National Herald case: HC sets aside trial court order summoning Cong documents
Trial court’s order was passed “in a casual manner without due application of mind” and without giving opportunity to the opposite party to put up their arguments.india Updated: Jul 12, 2016 16:49 IST
The Delhi High Court on Tuesday set aside an order of a Delhi court summoning the 2010-11 balance sheet of the Congress party in the National Herald case.
Justice PS Teji said the trial court’s order was passed “in a casual manner without due application of mind” and without giving opportunity to the opposite party to put up their arguments.
Congress President Sonia Gandhi, her son and party vice president Rahul Gandhi, party leaders Motilal Vora, Oscar Fernandes, Suman Dubey, Sam Pitroda and a company called Young Indian Pvt Ltd (YI) are accused in the case, which involves alleged financial irregularities in National Herald, a newspaper founded by former prime minister Jawahar Lal Nehru in 1938.
BJP leader Subramanian Swamy has alleged “cheating” in the acquisition of the Associated Journal Limited (AJL), the publisher of National Herald, by Young Indian Limited (YIL) — a firm in which Sonia and Rahul Gandhi each own a 38% stake.
Swamy had accused the Congress of loaning this money to AJL and then assigning the debt to YIL for Rs 50 lakh - a transaction that the BJP leader said amounted to cheating and a breach of trust.
All the accused have denied the allegations levelled by Swamy saying that the party’s Rs 90 crore loan to AJL was assigned to Young Indian to revive the publication.
“Non-issuance of notice to the opposite side and impugned orders being non-speaking (order where reasons for the findings are not given) and without due application of mind as per the law laid down by Apex Court, culminates into the impugned orders as ineffective, redundant and not sustainable in the eye of law and liable to be set aside,” Justice Teji said.
Shortly after the HC verdict, Swamy tweeted, “Delhi HC judgment is not on law but on procedure. I will return to Patiala House (court which summoned Congress balance sheet) for documents again and let court follow the HC procedure”.
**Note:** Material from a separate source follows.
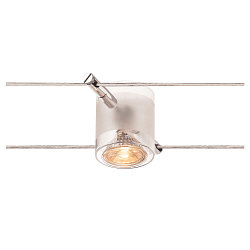 COMET, Wire luminaire for TENSEO low-voltage wire system, QR-C51, partly satinated glass, chrome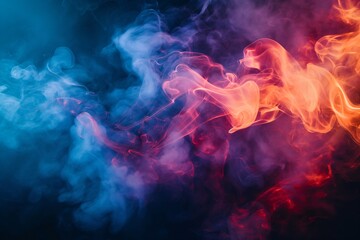 Colorful smoke swirling gracefully in the air against a dark backdrop creating an ethereal atmosphere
The High Court said Swamy could move the trial court again with a similar plea. It further said that the trial court was empowered to pass order “keeping in view the necessity and desirability of document in situations…and by granting an opportunity of hearing to the other party”.
Earlier, the trial court had allowed Swamy’s application for summoning of balance sheet of 2010-2011 of AJL while observing that the documents of INC and AJL could not be referred to as “personal documents” of the accused.
Vora, Fernandes, Dubey, Pitroda and YI had challenged the trial court’s order before the HC contending that they were neither heard nor summoned before passing any order.
However, Swamy had claimed that “they have no locus in the issue”.